The Society for Human Resource Management (SHRM) recently offered a preview of a forthcoming report that explores some of the most important HR technology trends of 2016. From the increasing importance of social recruiting to new security challenges created by wearable devices and Bring Your Own Device (BYOD) policies, it's critical that both human resource managers and business leaders are aware of where the industry is heading. While HR technology can vastly improve your ability to connect with employees and make data-driven decisions, the reality is that it may also create difficult strategic, compliance, and business considerations for companies.
Mobile devices and security trends
The security of confidential employee and client data continues to be a major consideration within HR. SHRM reported earlier this year that in 60% of cyberattacks, hackers were able to compromise businesses within minutes. In certain industries, such as financial services or healthcare, the penalties and fines associated with a data breach can be especially devastating.
That's why today's consumers expect companies to have viable security solutions in place before sharing personal data with them. The headlines have been rife with examples of companies whose brands and financial performance have suffered as a result of security challenges. BYOD policies have created additional challenges at the employee level. Companies are relying on security protocols, employee training, and sophisticated tools to help mitigate the potential impact of a hacked phone or lost mobile device.
Do wearable devices open up the potential for legal violations?
According to SHRM, one unintended consequence of wearable and mobile devices in the workplace may be potential legal violations. Many businesses haven't stopped to ask the question: Does after-hours use of a mobile device to answer messages count as “hours worked” and are those hours being adequately tracked?
As SHRM reports: "Because someone is checking their e-mail at night, you may now be subject to paying 20 hours of overtime that you weren't planning on paying." Companies may need to create frameworks that help guide employee mobile device usage. It's important to be aware of this issue and your company's HR technology policy related to this concern as employee workflow may be impacted.
Better data for managing, recruiting and retaining employees
The availability of HR technology is also expanding companies' abilities to better recruit, retain, and manage their employees. Social recruiting is helping companies reach new candidates while HR technology, such as time and attendance systems and integrated data management, can provide better visibility into the employment process. HR technology can help companies make smarter decisions throughout the hiring and employee life cycle process.

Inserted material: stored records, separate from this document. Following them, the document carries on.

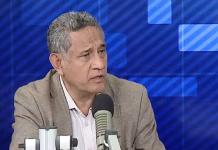 Mesías Guevara, candidato presidencial del Partido Morado, plantea solicitar facultades legislativas para los primeros cien días y eliminar leyes 'procrimen'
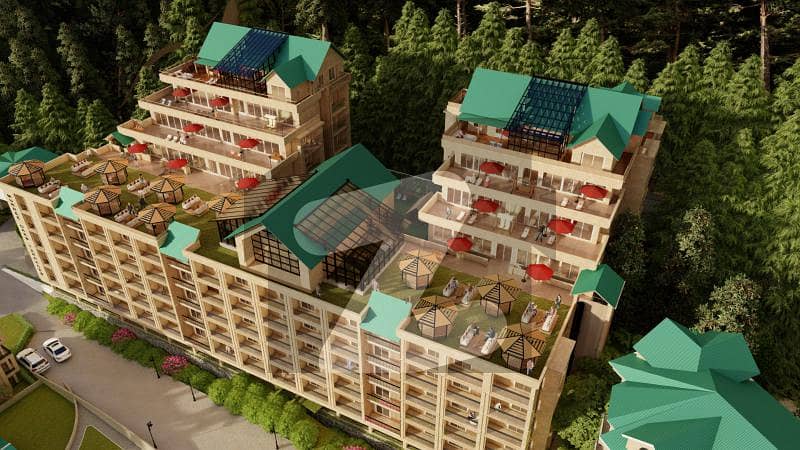 One Be 496 Sft Apartmet For Sale On Easy Installment In Murree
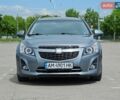 Серый Шевроле Круз, объемом двигателя 1.36 л и пробегом 177 тыс. км за 8999 $, фото 1 на Automoto.ua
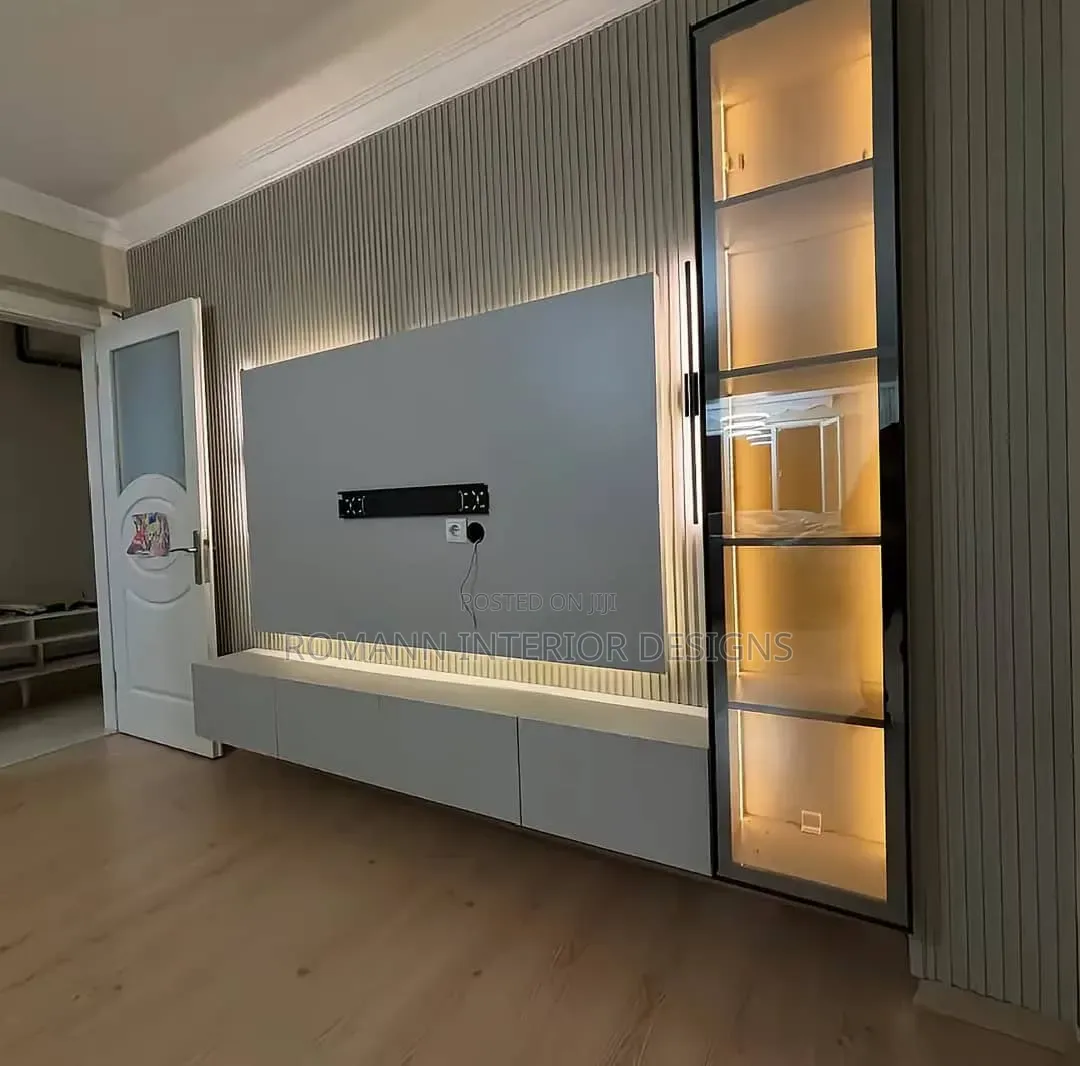 Modern TV Unit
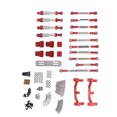 thumbnail image 4 of Piezas De Actualización De Coche RC, Pieza De Modificación De Aleación De Aluminio Artesanía Exquisita Montaje De Varilla De Tracción RC Para Coches De Control Remoto ANGGREK Otros, 4 of 8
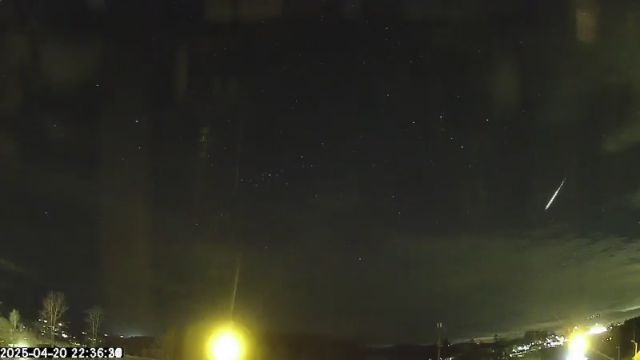 AMS176 meteor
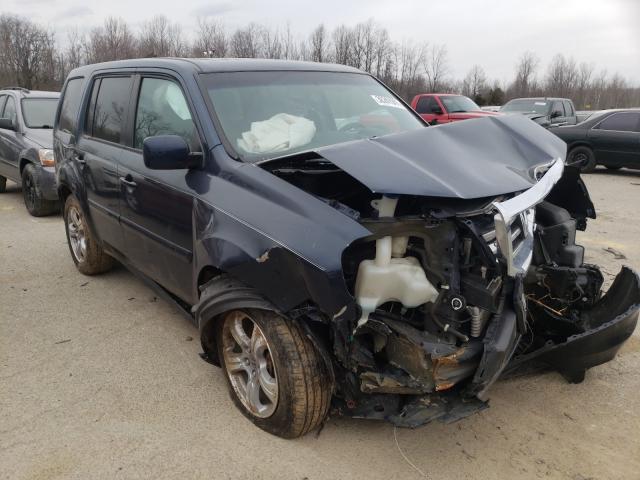 HONDA PILOT EXL 2012 5fnyf4h56cb007887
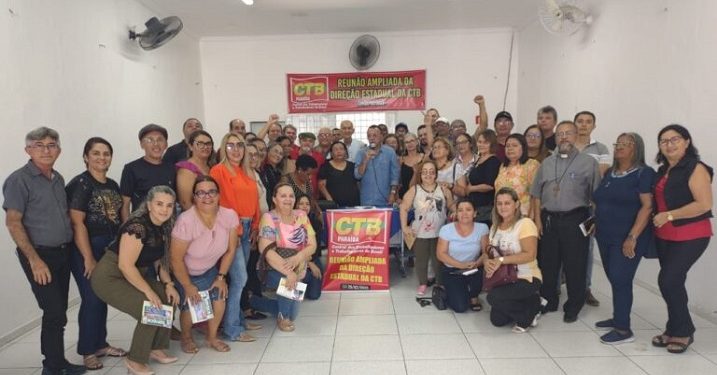 CTB-PB promove reunião no Sertão da Paraíba e reafirma compromisso com as lutas trabalhistas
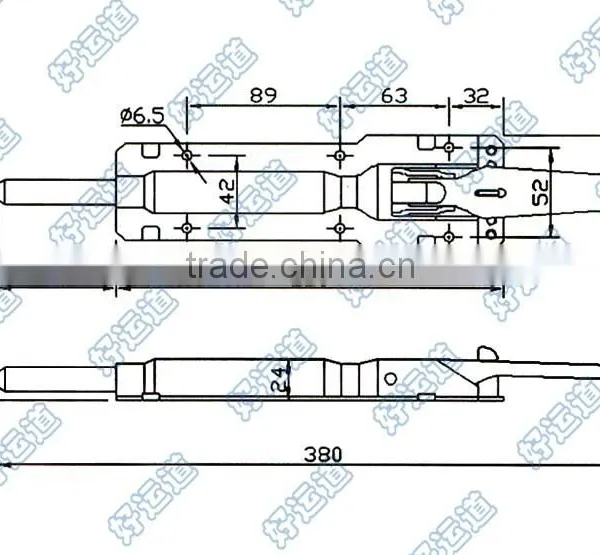 03123 Tailboard Catch photo-2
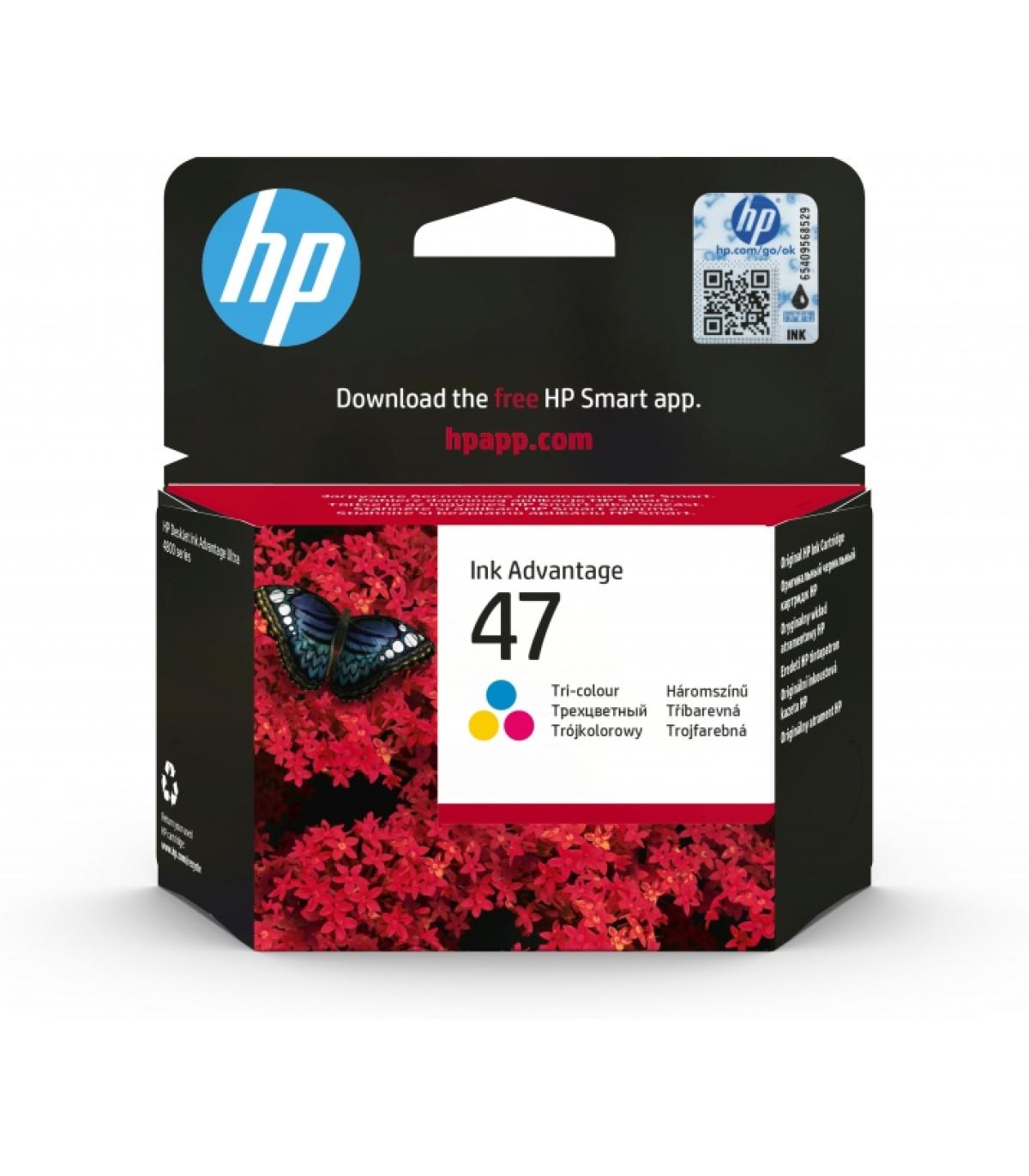 HP 6ZD61AE Color Cartucho de Tinta Original - 47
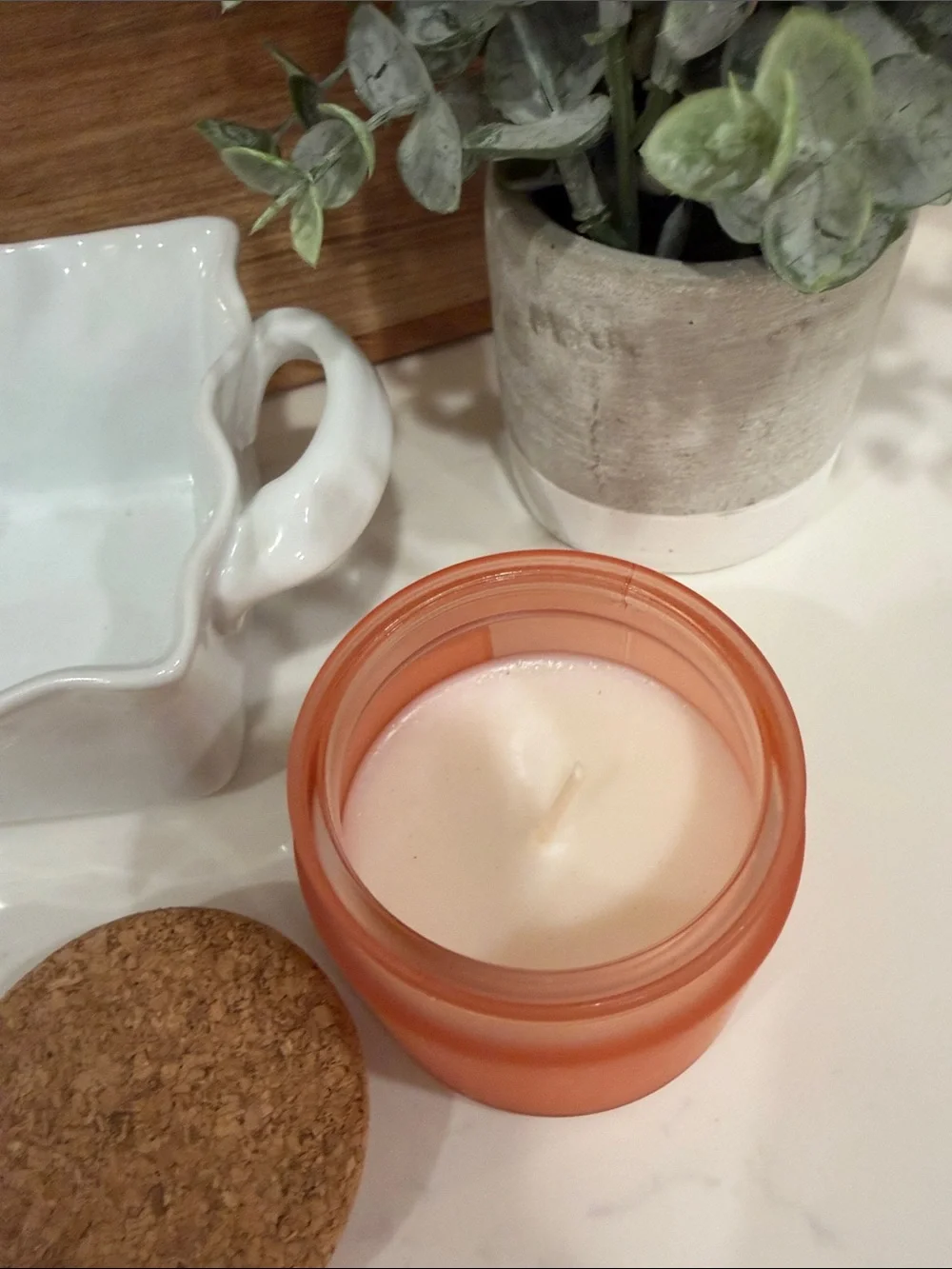 Target scented jar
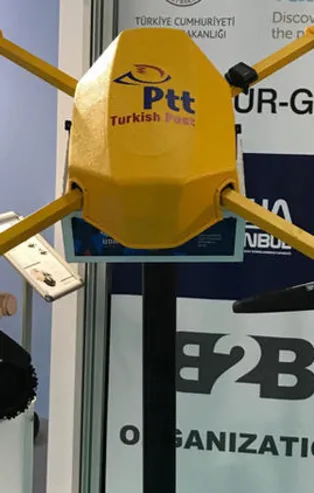 PTT'den dev hamle! Drone kargo geliyor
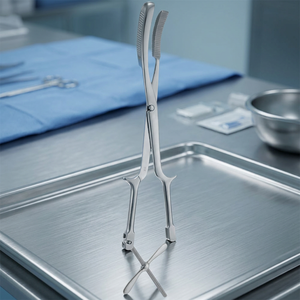 เครื่องมือผ่าตัดทางนรีเวชวิทยา Pestalozza Ovum Curette แบบใช้มือ ทำจากเหล็กกล้าไร้สนิมคุณภาพสูง ได้รับการรับรองมาตรฐาน CE ISO ระดับ Class I - Product Image 2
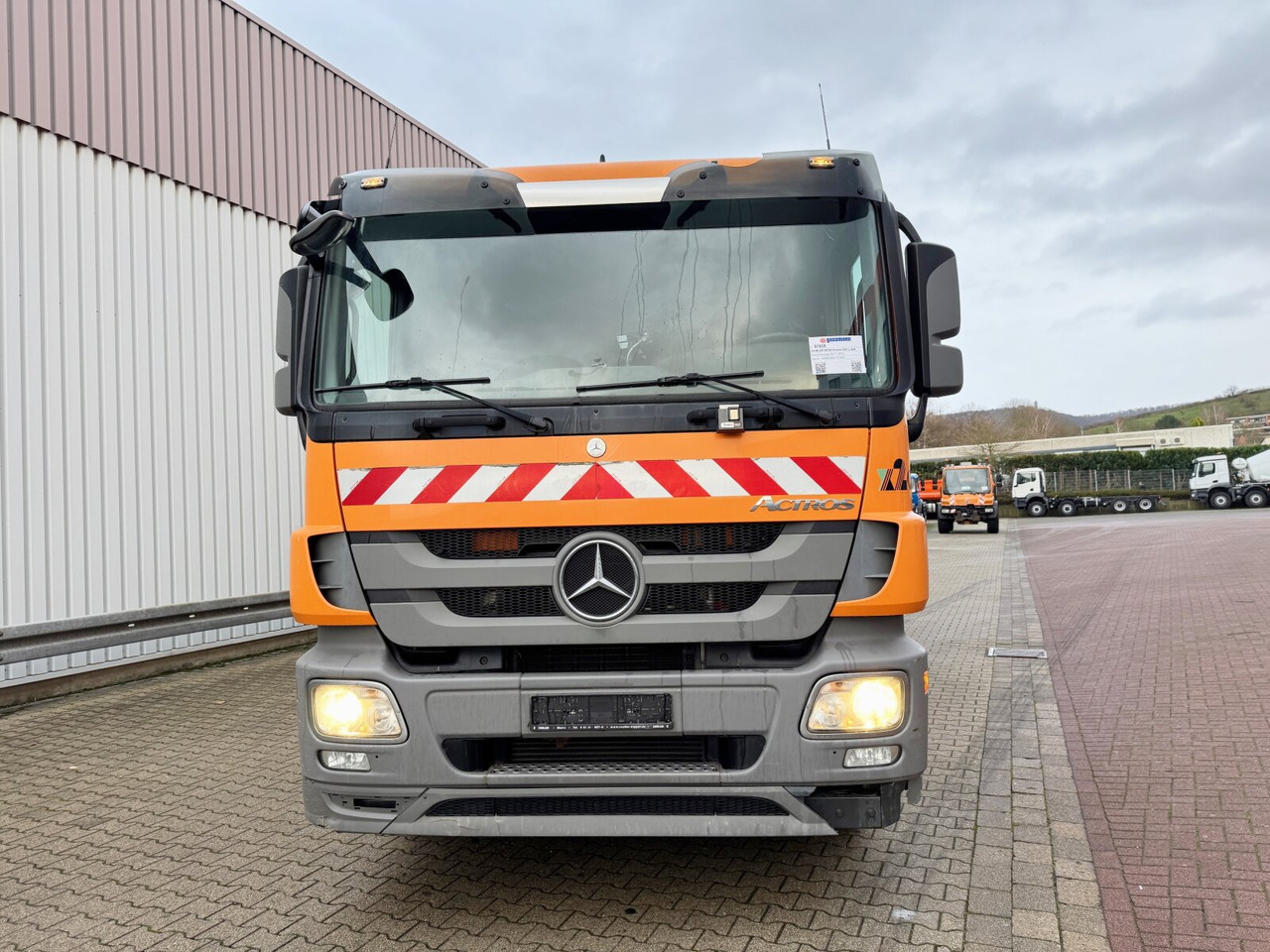 Mercedes-Benz Actros 2641/48 L 6x4 Actros 2641/48 L 6x4 - Camión chasis: foto 3 Mercedes-Benz Actros 2641/48 L 6x4 Actros 2641/48 L 6x4 - Camión chasis: foto 3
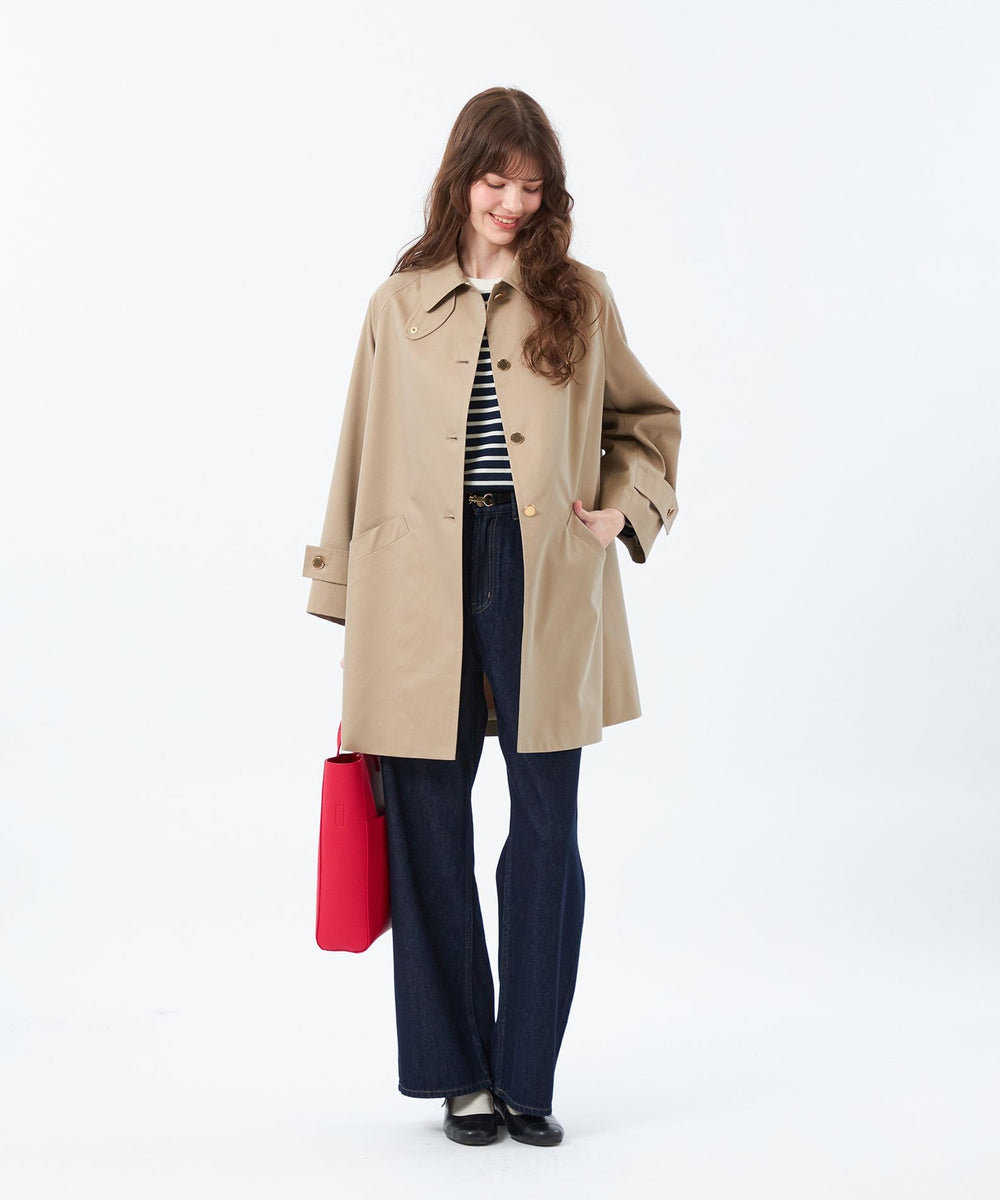 WELBURY(ウェルベリー)】シャンブレーギャバジン(コート)｜MACKINTOSH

With such benefits, investments in HR technology should remain a top trend in the year ahead, across the organization.
In a recruiting pool where candidates can find a job on Twitter, apply via a mobile device on LinkedIn, conduct mobile video interviews, use digital signature technology to sign their offer letter, and show up for their first day of work remotely, it's clear that technology has completely infiltrated the delivery of hiring solutions — and companies that invest in technology today may reap the most rewards.